▸ **Task material**
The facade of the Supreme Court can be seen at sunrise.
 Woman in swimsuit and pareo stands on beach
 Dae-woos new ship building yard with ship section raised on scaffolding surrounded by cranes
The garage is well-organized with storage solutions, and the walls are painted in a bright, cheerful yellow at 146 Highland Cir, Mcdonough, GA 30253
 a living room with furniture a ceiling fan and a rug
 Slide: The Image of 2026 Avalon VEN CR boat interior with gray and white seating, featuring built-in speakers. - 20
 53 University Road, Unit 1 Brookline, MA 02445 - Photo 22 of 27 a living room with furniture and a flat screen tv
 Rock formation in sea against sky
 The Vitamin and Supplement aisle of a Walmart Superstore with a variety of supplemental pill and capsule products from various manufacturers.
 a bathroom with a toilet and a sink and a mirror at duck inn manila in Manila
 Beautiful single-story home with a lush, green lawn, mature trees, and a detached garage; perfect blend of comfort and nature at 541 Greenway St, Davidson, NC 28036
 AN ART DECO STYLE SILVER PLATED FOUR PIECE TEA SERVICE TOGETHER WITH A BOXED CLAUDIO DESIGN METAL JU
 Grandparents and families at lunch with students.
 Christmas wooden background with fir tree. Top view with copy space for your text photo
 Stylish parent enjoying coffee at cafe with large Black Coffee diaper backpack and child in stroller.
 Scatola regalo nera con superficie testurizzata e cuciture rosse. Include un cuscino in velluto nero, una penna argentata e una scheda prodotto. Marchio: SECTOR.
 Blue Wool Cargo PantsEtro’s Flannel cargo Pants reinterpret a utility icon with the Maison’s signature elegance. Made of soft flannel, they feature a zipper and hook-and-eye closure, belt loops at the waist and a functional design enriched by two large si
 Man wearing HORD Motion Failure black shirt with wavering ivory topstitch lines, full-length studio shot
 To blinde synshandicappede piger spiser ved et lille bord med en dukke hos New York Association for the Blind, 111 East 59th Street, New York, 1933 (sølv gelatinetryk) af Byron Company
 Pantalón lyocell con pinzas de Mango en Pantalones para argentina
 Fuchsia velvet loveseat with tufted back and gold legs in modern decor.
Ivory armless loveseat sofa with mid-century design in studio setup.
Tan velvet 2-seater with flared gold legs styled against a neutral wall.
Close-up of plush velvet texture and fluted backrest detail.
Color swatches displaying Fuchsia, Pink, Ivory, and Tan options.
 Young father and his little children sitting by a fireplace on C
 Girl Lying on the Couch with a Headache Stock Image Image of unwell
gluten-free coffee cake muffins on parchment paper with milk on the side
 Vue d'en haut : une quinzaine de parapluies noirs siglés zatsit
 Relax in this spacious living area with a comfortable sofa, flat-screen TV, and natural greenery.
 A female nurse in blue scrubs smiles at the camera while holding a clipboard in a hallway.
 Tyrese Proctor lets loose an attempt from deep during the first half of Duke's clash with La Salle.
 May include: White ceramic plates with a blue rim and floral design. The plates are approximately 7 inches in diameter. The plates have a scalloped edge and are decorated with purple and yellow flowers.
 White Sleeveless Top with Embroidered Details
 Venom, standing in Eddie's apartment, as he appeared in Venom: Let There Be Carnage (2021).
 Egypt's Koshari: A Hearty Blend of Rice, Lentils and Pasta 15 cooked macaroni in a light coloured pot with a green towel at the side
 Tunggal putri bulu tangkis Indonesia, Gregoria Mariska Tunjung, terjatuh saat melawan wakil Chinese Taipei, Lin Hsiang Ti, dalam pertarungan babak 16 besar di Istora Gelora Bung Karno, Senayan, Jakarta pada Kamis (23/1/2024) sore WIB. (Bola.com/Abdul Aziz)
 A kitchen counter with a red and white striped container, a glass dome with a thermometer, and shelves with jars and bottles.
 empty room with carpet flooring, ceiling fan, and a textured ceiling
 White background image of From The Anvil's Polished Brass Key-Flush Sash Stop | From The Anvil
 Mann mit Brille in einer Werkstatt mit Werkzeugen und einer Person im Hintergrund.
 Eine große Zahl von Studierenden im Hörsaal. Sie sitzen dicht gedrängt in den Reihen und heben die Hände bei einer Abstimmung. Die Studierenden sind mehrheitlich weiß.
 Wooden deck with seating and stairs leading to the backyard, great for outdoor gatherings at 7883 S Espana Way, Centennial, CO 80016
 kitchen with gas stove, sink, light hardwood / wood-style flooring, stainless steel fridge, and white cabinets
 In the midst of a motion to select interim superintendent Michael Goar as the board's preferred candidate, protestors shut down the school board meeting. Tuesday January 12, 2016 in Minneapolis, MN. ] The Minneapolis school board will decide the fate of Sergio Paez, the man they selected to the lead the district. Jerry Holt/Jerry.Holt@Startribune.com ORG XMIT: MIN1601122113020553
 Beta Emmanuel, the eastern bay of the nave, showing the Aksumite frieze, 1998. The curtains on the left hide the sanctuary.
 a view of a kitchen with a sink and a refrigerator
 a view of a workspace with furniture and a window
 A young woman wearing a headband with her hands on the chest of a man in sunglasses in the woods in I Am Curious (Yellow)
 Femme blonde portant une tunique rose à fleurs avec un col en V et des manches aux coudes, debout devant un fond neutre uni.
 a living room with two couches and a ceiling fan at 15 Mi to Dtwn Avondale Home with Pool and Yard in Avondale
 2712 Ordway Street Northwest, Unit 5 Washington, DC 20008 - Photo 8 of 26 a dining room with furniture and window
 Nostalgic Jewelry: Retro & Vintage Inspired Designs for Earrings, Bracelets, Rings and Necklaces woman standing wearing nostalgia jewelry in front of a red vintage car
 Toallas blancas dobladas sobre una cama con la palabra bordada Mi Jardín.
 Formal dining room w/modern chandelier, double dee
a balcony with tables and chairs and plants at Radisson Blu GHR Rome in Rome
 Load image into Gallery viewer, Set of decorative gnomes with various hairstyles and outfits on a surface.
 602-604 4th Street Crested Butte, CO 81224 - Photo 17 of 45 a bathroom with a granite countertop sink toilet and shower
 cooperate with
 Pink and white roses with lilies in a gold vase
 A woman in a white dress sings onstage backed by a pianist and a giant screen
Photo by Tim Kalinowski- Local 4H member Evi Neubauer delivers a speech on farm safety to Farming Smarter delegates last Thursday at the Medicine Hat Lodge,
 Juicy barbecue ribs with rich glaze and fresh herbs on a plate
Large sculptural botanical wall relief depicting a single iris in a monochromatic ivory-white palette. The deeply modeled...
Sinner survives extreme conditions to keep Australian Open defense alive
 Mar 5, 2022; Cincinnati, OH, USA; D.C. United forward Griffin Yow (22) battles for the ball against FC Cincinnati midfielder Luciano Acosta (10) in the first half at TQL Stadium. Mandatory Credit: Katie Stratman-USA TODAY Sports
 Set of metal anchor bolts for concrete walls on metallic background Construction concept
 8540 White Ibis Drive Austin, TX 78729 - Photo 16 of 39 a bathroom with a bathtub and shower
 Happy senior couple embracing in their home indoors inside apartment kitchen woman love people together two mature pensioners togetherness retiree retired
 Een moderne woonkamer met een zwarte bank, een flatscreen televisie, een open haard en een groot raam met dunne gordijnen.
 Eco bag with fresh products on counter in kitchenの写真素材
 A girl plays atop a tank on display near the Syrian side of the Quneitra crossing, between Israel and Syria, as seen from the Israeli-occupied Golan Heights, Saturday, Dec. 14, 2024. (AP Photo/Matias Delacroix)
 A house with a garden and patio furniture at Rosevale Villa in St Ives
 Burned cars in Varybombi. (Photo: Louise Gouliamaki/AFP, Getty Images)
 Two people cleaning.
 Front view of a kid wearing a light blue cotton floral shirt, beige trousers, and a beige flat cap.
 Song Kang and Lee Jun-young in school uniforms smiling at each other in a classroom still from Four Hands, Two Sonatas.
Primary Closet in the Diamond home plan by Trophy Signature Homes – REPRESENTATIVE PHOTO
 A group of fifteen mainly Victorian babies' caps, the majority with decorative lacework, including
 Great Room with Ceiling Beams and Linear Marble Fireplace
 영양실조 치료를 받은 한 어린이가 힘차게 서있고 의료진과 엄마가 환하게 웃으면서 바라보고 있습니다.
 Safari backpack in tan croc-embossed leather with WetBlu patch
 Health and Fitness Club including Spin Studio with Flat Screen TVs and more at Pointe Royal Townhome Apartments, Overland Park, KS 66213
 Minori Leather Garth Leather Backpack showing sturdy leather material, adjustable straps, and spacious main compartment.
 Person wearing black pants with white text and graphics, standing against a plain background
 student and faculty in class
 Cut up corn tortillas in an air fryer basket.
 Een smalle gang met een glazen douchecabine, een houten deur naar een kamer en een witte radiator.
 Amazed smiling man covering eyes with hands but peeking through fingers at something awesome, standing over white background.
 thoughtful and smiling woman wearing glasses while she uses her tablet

▸ **Exercise goal**
Return only the lines between the one holding "Burned cars in" and the one holding "Een smalle gang", inclusive, exactly as they appear above.

▸ **Your response**
 Burned cars in Varybombi. (Photo: Louise Gouliamaki/AFP, Getty Images)
 Two people cleaning.
 Front view of a kid wearing a light blue cotton floral shirt, beige trousers, and a beige flat cap.
 Song Kang and Lee Jun-young in school uniforms smiling at each other in a classroom still from Four Hands, Two Sonatas.
Primary Closet in the Diamond home plan by Trophy Signature Homes – REPRESENTATIVE PHOTO
 A group of fifteen mainly Victorian babies' caps, the majority with decorative lacework, including
 Great Room with Ceiling Beams and Linear Marble Fireplace
 영양실조 치료를 받은 한 어린이가 힘차게 서있고 의료진과 엄마가 환하게 웃으면서 바라보고 있습니다.
 Safari backpack in tan croc-embossed leather with WetBlu patch
 Health and Fitness Club including Spin Studio with Flat Screen TVs and more at Pointe Royal Townhome Apartments, Overland Park, KS 66213
 Minori Leather Garth Leather Backpack showing sturdy leather material, adjustable straps, and spacious main compartment.
 Person wearing black pants with white text and graphics, standing against a plain background
 student and faculty in class
 Cut up corn tortillas in an air fryer basket.
 Een smalle gang met een glazen douchecabine, een houten deur naar een kamer en een witte radiator.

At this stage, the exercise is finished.